Children are natural. Unconditioned and unburdened by default until circumstance makes that change. Take a young boy with dark hair, born and never allowed to live a mistake he never made down. Looked down-on on even ground by eyes unrelated but forcefully related to every step he takes. Growing happens to him as it does us all, but whereas a child of fortunate circumstance is filled with support, love, and stability he grows with distrust, self-contempt gathered from the hue and cry of another’s contempt, and without example of what it means to love after excitement.  Like swapping flour for baking soda or chocolate for molasses, the cake bakes differently to a complication not particularly palatable to the normal taste.

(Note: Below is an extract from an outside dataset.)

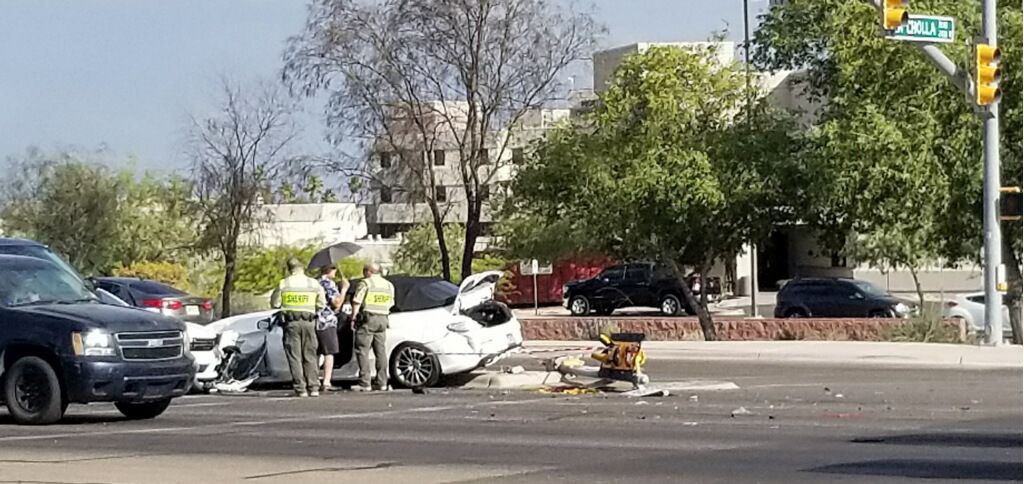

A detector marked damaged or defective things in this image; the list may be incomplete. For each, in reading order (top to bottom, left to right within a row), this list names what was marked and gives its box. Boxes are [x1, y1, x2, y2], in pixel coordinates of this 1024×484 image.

crumpled hood [11, 304, 186, 334]
damaged white car [210, 272, 528, 390]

     The child’s a man now though, because that’s what children do: grow to be adults and a part of this world. This one is apart of this world, and while he can ace everything that can be taught and conquered his ingredients are always the same. What ne never knew he couldn’t learn no matter how long he played or how many miles he moved past the expected finish. By some small twist of fate, an act that would save yet haunt him for decades to come sowed the one seed of happiness he would ever have.

     When life’s misdirection’s dripped in to his water like sand, insoluble and cloudy, he found a beach along the Pacific and forgot the life of selling in tall buildings behind him. It was never forever, but a friendly face, family by name, helped him sit down with himself to architect the home he would return to and how he would live the coming times. Even though every passing day meant the end was nearer he still found peace in the hours of the respite. The warm air and sun almost as nurturing as the miles he’d traveled.

     This man will never change. He will never see himself as belonging to the world he so desperately wishes he did, because he truly doesn’t wish to. The things that make him happy don’t produce enough iron to keep the anemia at bay, but nothing else puts it in his blood to begin with. He’ll work with the balance he’s survived so long with so long as it keeps him alive. He will excel with the skills he has but will unfortunately trample through every garden he ever finds beauty in with the feet of a child that was always hated by those who raised him. Even after they long since passed he finds in himself the well in which to fill his bucket of loathing for a young boy, with dark hair, who still can’t live down a mistake he never made.